* [What the task requires]: Would you copy every line of the listing below that includes the word "Watch"?

* [Data for the task]:
=-=-=

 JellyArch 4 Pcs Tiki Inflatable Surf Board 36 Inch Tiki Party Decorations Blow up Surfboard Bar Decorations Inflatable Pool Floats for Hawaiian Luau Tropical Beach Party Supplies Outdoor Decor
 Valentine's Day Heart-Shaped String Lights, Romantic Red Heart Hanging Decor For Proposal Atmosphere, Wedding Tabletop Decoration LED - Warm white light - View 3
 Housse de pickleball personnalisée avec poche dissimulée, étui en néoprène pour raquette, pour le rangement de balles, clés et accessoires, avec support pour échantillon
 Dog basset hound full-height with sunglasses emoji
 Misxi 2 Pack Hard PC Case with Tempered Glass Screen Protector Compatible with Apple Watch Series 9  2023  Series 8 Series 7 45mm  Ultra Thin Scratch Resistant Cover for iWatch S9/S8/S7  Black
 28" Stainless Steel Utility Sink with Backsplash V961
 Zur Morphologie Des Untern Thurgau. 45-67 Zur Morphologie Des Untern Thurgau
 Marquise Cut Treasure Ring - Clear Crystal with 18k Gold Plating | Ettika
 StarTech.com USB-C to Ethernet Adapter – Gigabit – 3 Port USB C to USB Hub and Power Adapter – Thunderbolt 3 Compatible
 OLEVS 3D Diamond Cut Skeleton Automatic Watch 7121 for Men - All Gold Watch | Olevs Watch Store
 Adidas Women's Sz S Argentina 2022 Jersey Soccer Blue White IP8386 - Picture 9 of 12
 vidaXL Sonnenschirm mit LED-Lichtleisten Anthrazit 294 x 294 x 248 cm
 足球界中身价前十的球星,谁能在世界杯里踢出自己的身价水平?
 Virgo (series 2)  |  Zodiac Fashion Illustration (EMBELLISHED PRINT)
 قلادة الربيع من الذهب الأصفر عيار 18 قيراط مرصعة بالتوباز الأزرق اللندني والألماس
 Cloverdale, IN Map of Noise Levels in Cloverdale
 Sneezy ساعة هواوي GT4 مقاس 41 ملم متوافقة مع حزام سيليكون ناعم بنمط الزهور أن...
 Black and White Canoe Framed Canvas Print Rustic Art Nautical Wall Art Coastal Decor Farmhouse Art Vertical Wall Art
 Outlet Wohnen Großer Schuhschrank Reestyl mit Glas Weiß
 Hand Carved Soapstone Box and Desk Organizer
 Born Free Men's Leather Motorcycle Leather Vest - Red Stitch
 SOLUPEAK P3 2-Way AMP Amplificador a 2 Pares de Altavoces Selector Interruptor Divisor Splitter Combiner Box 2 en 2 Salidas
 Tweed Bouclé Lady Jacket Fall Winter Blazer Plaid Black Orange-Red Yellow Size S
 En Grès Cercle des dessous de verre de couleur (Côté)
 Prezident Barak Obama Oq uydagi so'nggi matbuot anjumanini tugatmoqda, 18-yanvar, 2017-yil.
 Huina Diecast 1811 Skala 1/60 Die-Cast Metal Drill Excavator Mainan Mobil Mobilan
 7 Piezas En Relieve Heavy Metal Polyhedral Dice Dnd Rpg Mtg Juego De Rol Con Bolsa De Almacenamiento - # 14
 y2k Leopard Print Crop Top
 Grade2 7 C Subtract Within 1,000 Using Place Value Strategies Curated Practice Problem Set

=-=-=

* [Response to this exercise]:
 Misxi 2 Pack Hard PC Case with Tempered Glass Screen Protector Compatible with Apple Watch Series 9  2023  Series 8 Series 7 45mm  Ultra Thin Scratch Resistant Cover for iWatch S9/S8/S7  Black
 OLEVS 3D Diamond Cut Skeleton Automatic Watch 7121 for Men - All Gold Watch | Olevs Watch Store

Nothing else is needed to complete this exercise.